Quanto ai bond, fin dall’inizio l’anello debole (riconosciuto come tale) della strategia trumpiana, questo può non essere il loro mondo ideale, ma l’aumento della leva per le banche, l’inflazione finora accettabile e lo spazio per i tagli di policy sono elementi importanti di supporto.

Della fuga dall’America dei mesi scorsi resta (e probabilmente resterà ancora per qualche tempo) la sola fuga dal dollaro. La fuga dalla borsa americana si è arrestata. Si manterrà, nei prossimi anni, una graduale redistribuzione dell’allocazione strutturale dei portafogli verso il resto del mondo, ma se la grande tecnologia americana riuscirà a mantenere i suoi livelli di crescita e di innovazione la borsa americana rimarrà molto competitiva rispetto alle altre.

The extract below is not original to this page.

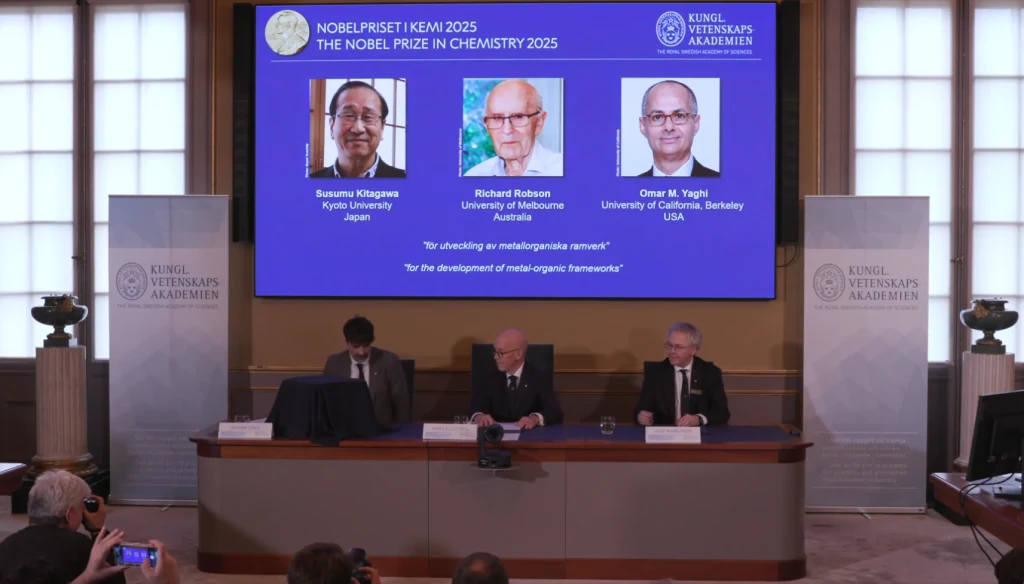 Nagroda Nobla z chemii. Susumu Kitagawa, Richard Robson and Omar M. Yaghi triumfują Nagroda Nobla z chemii. Susumu Kitagawa, Richard Robson and Omar M. Yaghi triumfują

Le borse europee hanno corso molto in questi mesi, trainate da un’accelerazione della crescita che avverrà in realtà a partire dall’anno prossimo. Si sono mosse dunque in anticipo e ora sono in fase di consolidamento. Noi le vediamo sotto i massimi, ma un investitore americano, grazie alla forza dell’euro, le vede in dollari su livelli tali da indurlo a prendere qualche temporaneo profitto per andare a cogliere le opportunità che gli si presentano sul mercato domestico.

Continueremo a vedere rotazioni in un trend azionario complessivamente orientato al rialzo.